Colin Crouch erklärt Zusammenhänge

Das befremdliche Überleben des Neoliberalismus

Seit dem Platzen der Dotcom-Blase von 2000, der globalen Finanzkrise von 2008 und der momentanen Wirtschaftsschwäche im Euroraum und den USA hat sich das Bild gewandelt. Neokonservative Politiker, die rein den Mechanismen des Marktes vertrauen, und Investmentbanker und Spekulanten, die internationale Finanzmärkte als Spielwiese zur persönlichen Geldvermehrung ansehen, geraten unter Beschuss.

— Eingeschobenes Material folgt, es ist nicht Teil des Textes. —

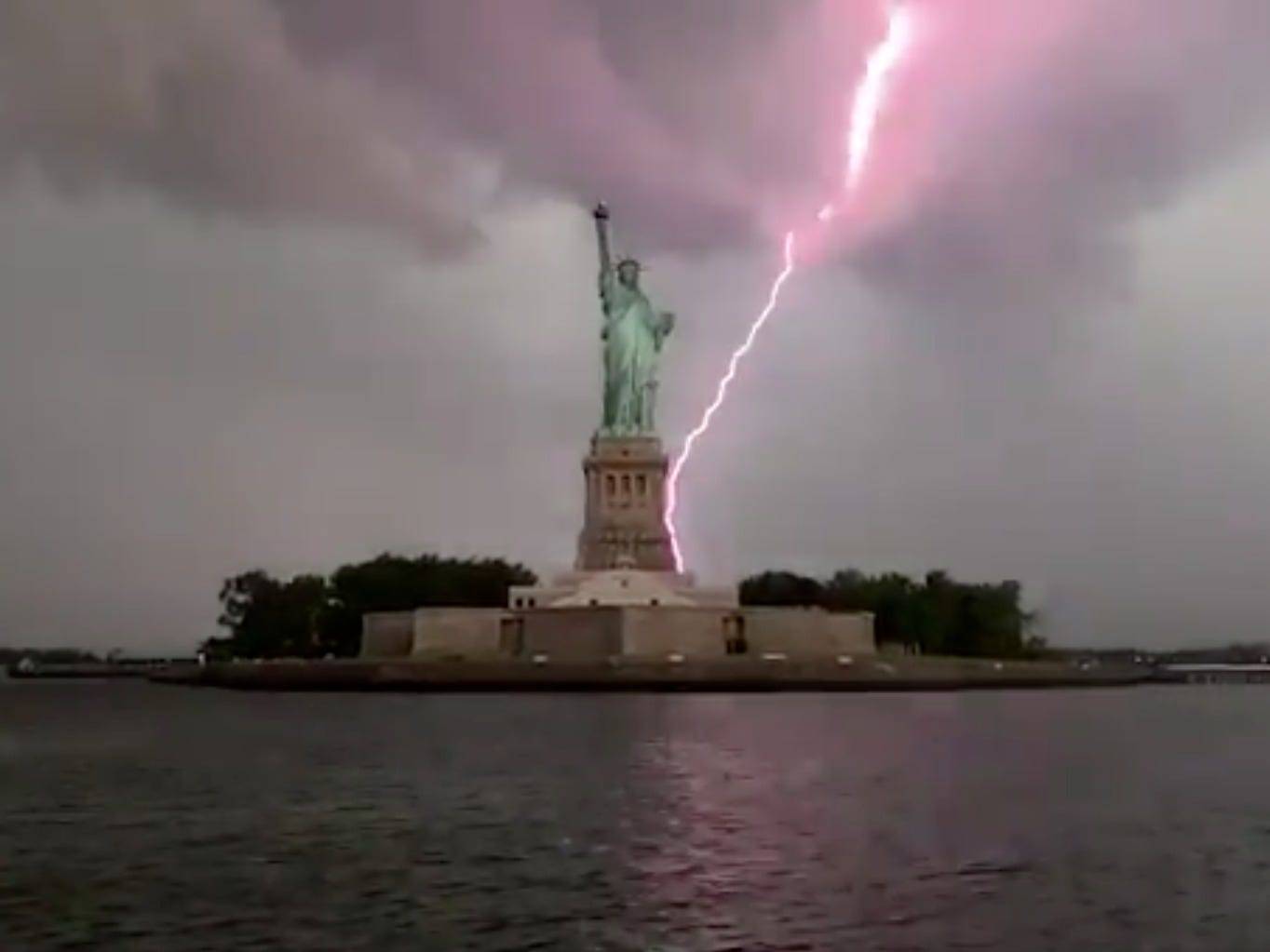 A stunning video shows the Statue of Liberty being struck by lightning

Überall bietet sich dasselbe Bild: Der Normalbürger, der mit oder ohne kleinem Aktienpaket von seiner Arbeit lebt, sieht die Felle seiner sozialen Absicherung davonschwimmen. Was bleibt, ist die nackte Angst vor dem Übermorgen. Da ist guter Rat teuer. In gewisser Weise Rat geben will der britische Politik- und Wirtschaftswissenschaftler Colin Crouch. Sein schmaler Band "Postdemokratie", der bei uns vor drei Jahren erschien, wurde zum internationalen Bestseller. Jetzt legt Crouch nach, und das auf rund 250 Seiten. "Das befremdliche Überleben des Neoliberalismus" heißt sein neues Buch.

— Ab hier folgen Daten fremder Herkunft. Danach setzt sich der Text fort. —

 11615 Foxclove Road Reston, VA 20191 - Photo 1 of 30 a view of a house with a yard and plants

"The Strange Non-Death of Neoliberalism" – so lautet der Originaltitel. "Non-Death", das heißt, dass neoliberale Wirtschaftssysteme eine Art "Untoten" darstellten, etwas Zombiehaftes – oder aber: Es ist ein System, das nicht sterben darf, weil wir nicht wissen, wie es anders weiter gehen soll.

Großkonzerne bevorzugt

Colin Crouch sieht den Untergang des Wohlfahrtsstaates, der vor allem Wahlfreiheit und soziale Grundabsicherung des Einzelnen im Auge hatte, nicht erst im Niedergang des real existierenden Sozialismus der Ostblock-Länder begründet, sondern er setzt ihn bereits in den 1970er Jahren an.

Colin Crouch zielt mit seinem Argumentationsweg auf eines: Das Szenario, wonach immer mehr Großkonzerne gegen den Willen der Staaten ihre Macht durchboxen, ist eine Legende, die Politiker in Umlauf setzen. Konzerne erzielen in der Hauptsache mehr Umsatz als Klein- oder mittelständische Betriebe. Und sie beschäftigen, bei guter Konjunkturlage, sichtbar mehr Menschen. Beides kommt Politikern nicht nur in Wahlkampfzeiten zugute.

Die Verflechtung von Politik und Wirtschaft

Präzise zeigt Crouch auf, wie die Verflechtung von Politik und Wirtschaft zugenommen hat. Um von marktwirtschaftlichen Vorgehensweisen zu lernen, ließ man sich zunehmend von Personen oder Gruppen aus dem privaten Sektor beraten. Die Firmen dieser Berater hatten es sodann leichter, an Aufträge der öffentlichen Hand heranzukommen. Das führte aber nicht nur zum Ausschluss von Konkurrenz. Crouch nennt konkrete Beispiele aus dem Vereinigten Königreich und aus den USA, wonach Politiker nach dem Ende ihrer Karriere lukrative Posten in der Privatindustrie eingenommen haben. Und in Deutschland und Österreich ist das ja nicht anders. Der rasche und unkomplizierte Wechsel von Politikern in die Vorstandsetagen privater Unternehmen macht so manchen Bürger staunen.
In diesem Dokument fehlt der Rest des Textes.